By: Kyle Martin

Image courtesy of Mike’s Birds via Flickr Creative Commons

Current Situation

            Kyasanur Forest Disease (KFD), also known as Monkey Disease, is endemic to Karnataka, India, a state located in the southwest area of the country. Historically, there have been approximately 400-500 cases per year of KFD. Over the past year, there have been over 440 confirmed cases and 14 confirmed deaths KFD in Karnataka, with over 77% of cases occurring in the Shivamogga District (1). This number of confirmed cases is concerning because from 2005-2015, the average case counts had been significantly lower, leading virologists to believe that the disease was waning (4).

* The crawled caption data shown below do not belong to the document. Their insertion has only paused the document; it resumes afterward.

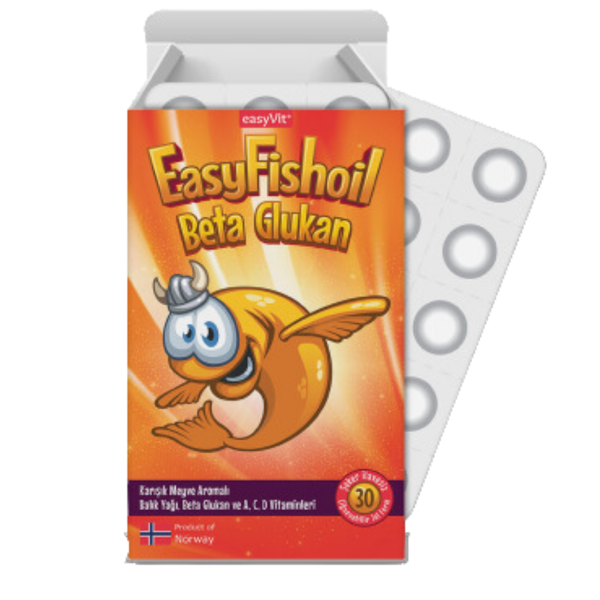 EASYFISHOIL Beta Glukan (Beta Glukan + A, C, D Vitaminleri + Balık Yağı) 30 Çiğnenebilir Jel Form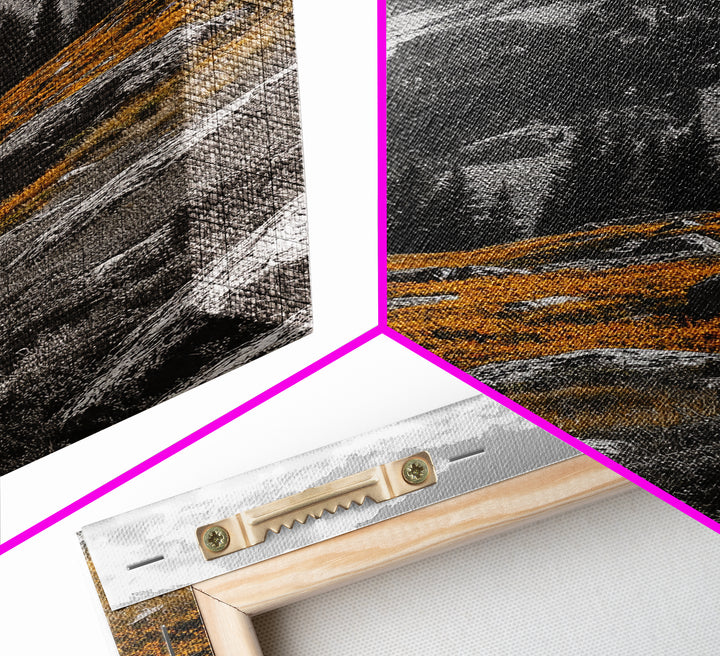 Mountain Peak, Alpine Landscape, Autumn Meadow, Framed Canvas Print, Fall Wall Art, Rustic Cabin Decor, Nature Photography, Living Room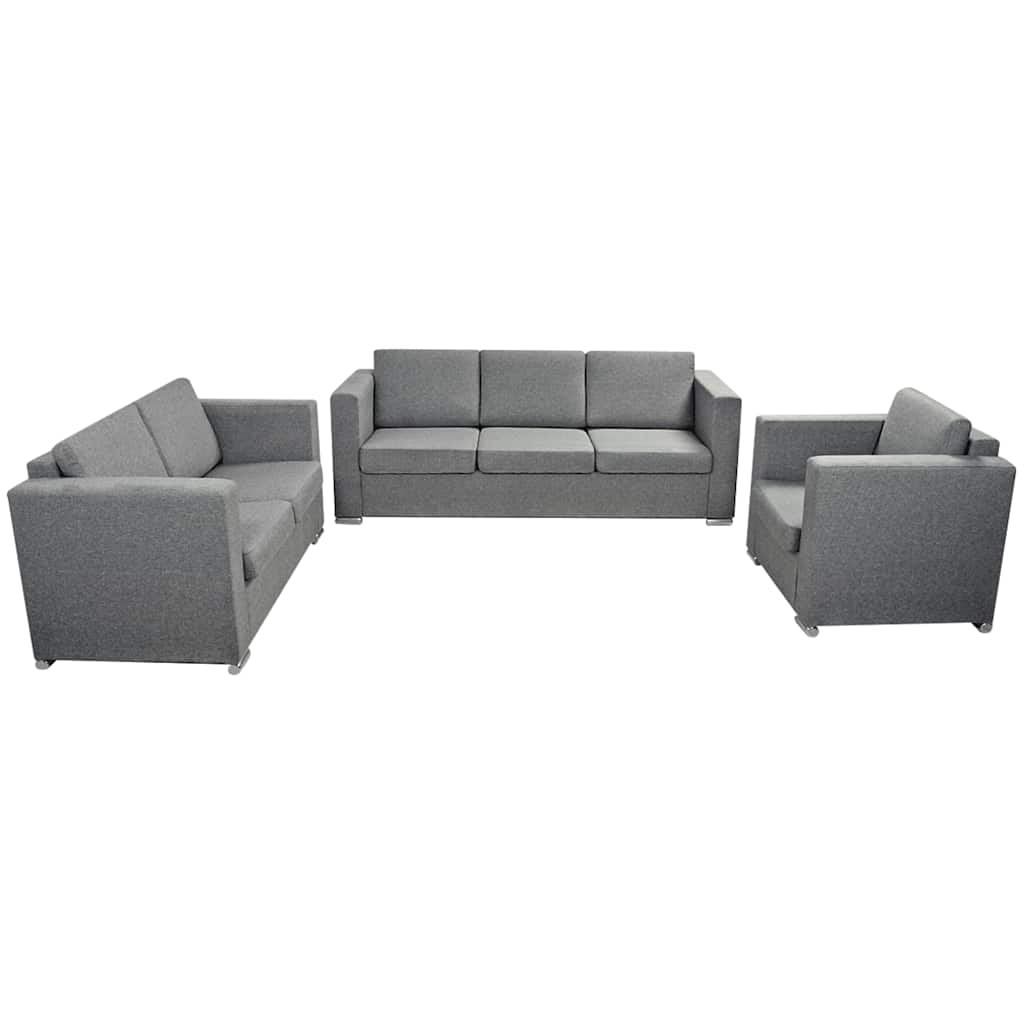 Trodijelni set sofa od tkanine svijetlosivi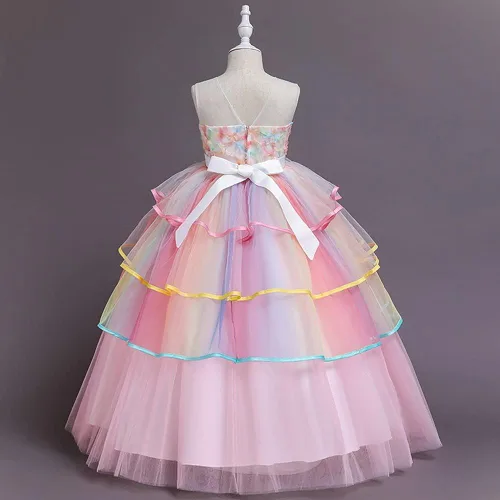 Vista 20 de REXREII Vestido de tul sin mangas para fiesta de unicornio para niñas, disfraz de carnaval, princesa, cumpleaños, Navidad, vestido largo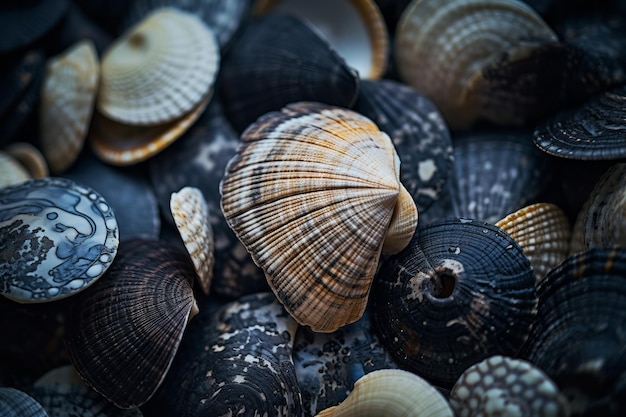 Elegantie in de natuur close-up van een zwart schelpje op een zandstrand Zee-leven concept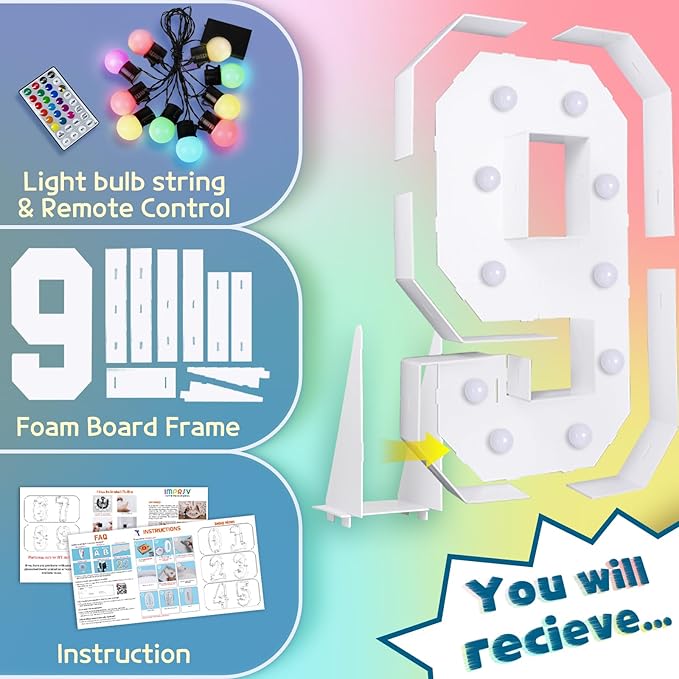 imprsv 4FT Colorful Marquee Numbers,18 Colors with Remote, Light Up Numbers 9 for 9th 90th Birthday Decorations Anniversary Party Decor, Pre-Cut Foam Board Kit, Mosaic Sign for Balloon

This current spike in case counts, alongside the appearance of the disease outside of the endemic state of Karnataka, has created concern of a potential outbreak (1,4).

Kyasanur Forest Disease: Defined

            Kyasanur Forest Disease is a zoonotic disease, meaning that humans obtain it through contact with an infected animal. Hard ticks are the reservoir for the virus and can easily pass it onto rodents and monkeys through a tick bite. KFD has a high fatality rate amongst infected animals, who will carry the disease until death. Humans can become infected though contact with a diseased animal, even if deceased, or an infected tick (2,3).

            Once infected, there is a 3-5% chance of death among human populations. Most individuals will have mild symptoms, such as sudden onset of chills, fever, and a headache, within a week of infection. More severe symptoms such as vomiting, bleeding issues caused by reduced platelet counts, and abnormally low blood pressure are felt by some individuals as well. After 1-2 weeks of symptoms, most patients recover without complication and develop a strong life-long immunity to the disease (2,3).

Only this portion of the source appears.